▶ _THE TASK_: Reproduce exactly the lines below from the one containing "Max Crawler Cranes Track Shoes" through the one containing "セットアップ上下 プリント柄 2021秋冬", including both, and nothing else.

───── SUPPLIED DATA

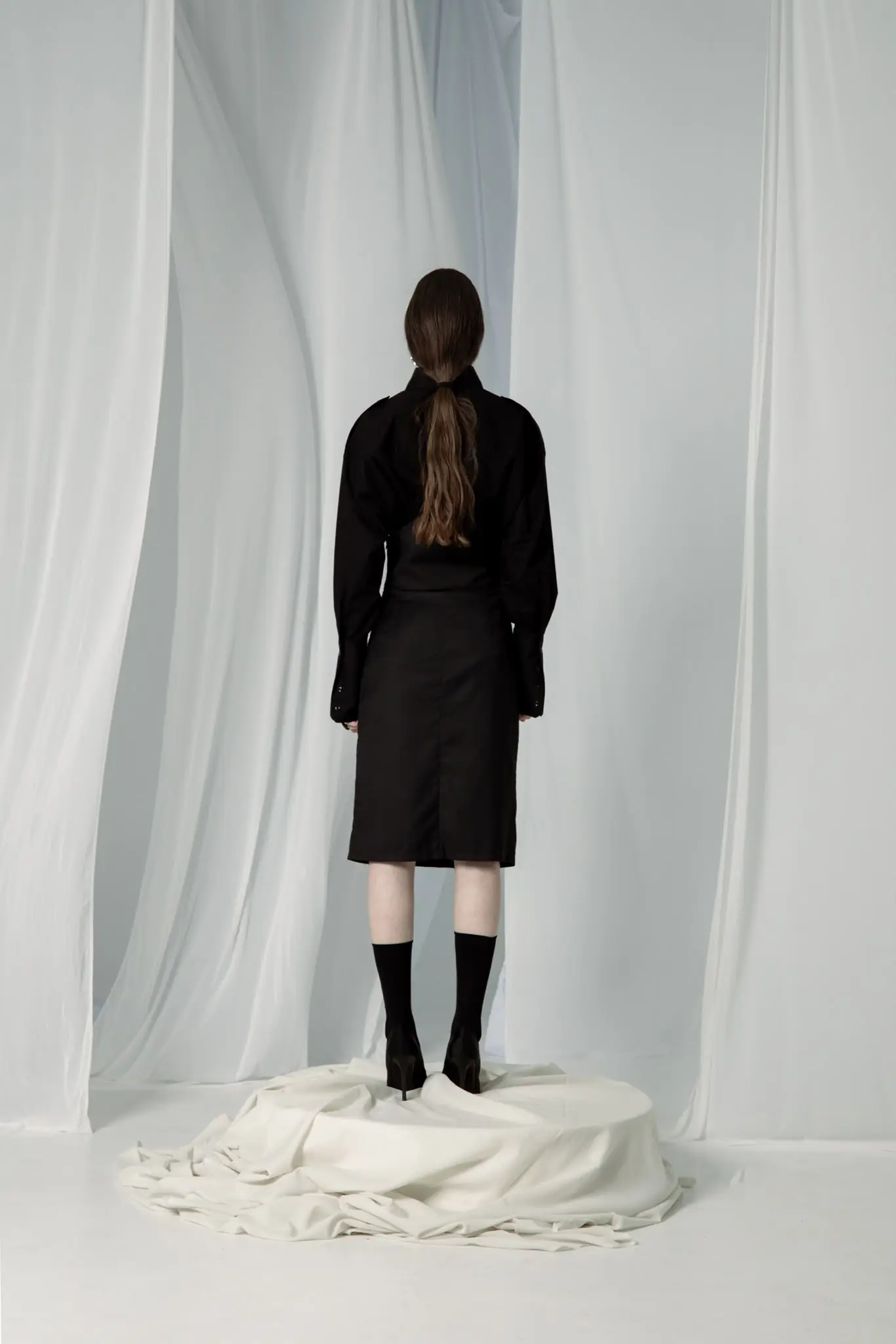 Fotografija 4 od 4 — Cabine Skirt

──────────
───── SUPPLIED DATA

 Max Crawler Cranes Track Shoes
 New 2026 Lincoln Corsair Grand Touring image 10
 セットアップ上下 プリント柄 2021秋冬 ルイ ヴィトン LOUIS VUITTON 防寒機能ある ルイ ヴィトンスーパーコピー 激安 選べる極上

──────────
───── SUPPLIED DATA

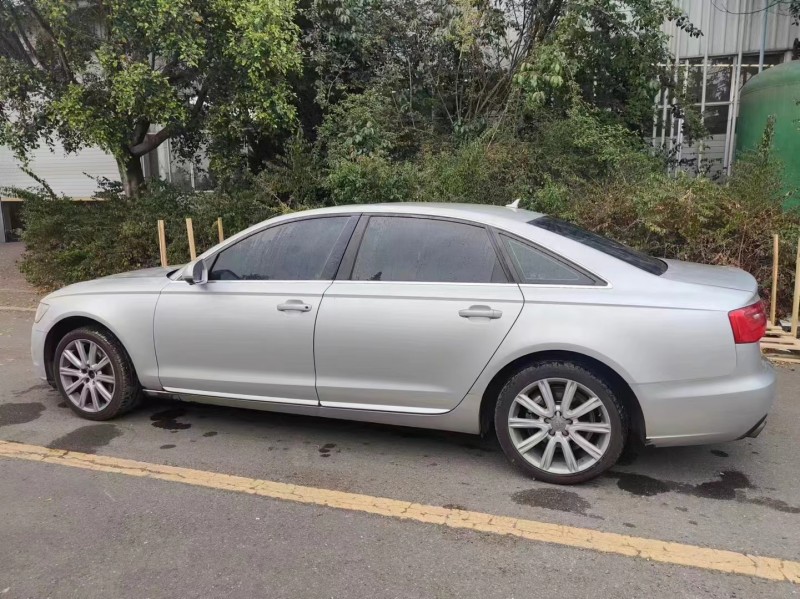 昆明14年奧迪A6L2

──────────

▶ _SOLUTION_:
 Max Crawler Cranes Track Shoes
 New 2026 Lincoln Corsair Grand Touring image 10
 セットアップ上下 プリント柄 2021秋冬 ルイ ヴィトン LOUIS VUITTON 防寒機能ある ルイ ヴィトンスーパーコピー 激安 選べる極上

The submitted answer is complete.